EFRAG expresses concern, however, about the impact of pre-clearances in the enforcement arena. It says that a practice of pre-clearance operating in different countries poses a threat to uniform interpretation and a risk of regulatory arbitrage as companies listed in different countries choose where to seek pre-clearance. To avoid unnecessary and inappropriate applications for pre-clearance and, in particular, to preserve among both preparers and auditors a sense of personal, professional responsibility, EFRAG believes that companies, together with their auditors, should always be encouraged to make their own assessment of the proper application of IFRSs. EFRAG also calls for CESR to clarify that, although enforcement decisions form a precedent, that precedent would be overruled by any subsequent standard or IFRIC interpretation or by any further guidance resulting from co-ordination measures.

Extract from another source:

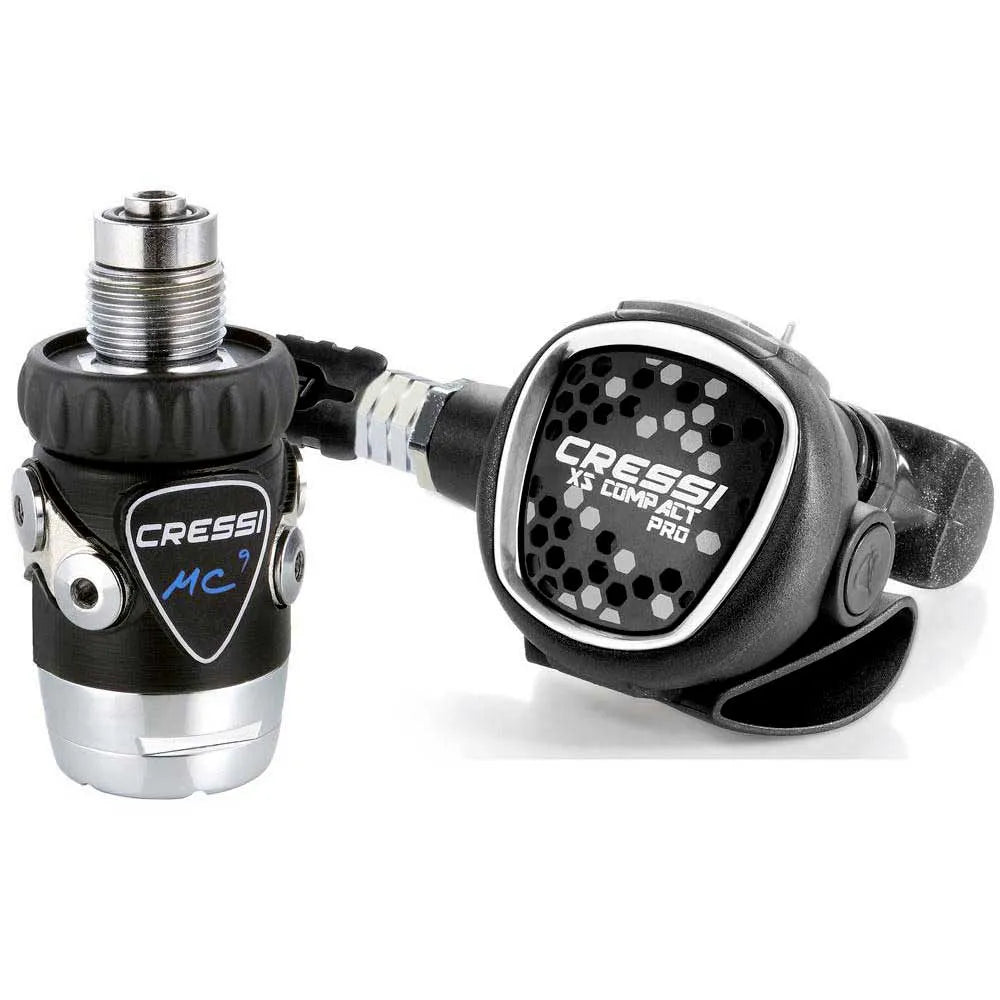 Cressi XS Compact Pro MC9SC DIN 300 diving regulator set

EFRAG's full comments are available from its website (www.efrag.org).
FEE
FEE has issued a discussion paper, European Enforcement Co-ordination, calling for the creation of a European enforcement co-ordination body, with a key role for CESR. The body's role would be to ensure consistency in the processes used and the decisions reached by national enforcement bodies in order to create a level playing field for the enforcement of IFRSs. FEE expects that the discussion paper will complement CESR's Draft Standard No 2 on Financial Information,
Co-ordination of Enforcement Activities.
In the same discussion paper FEE has also called for an additional, wider consultation mechanism that would give an opportunity to all stakeholders to contribute to the continuous development of the enforcement system.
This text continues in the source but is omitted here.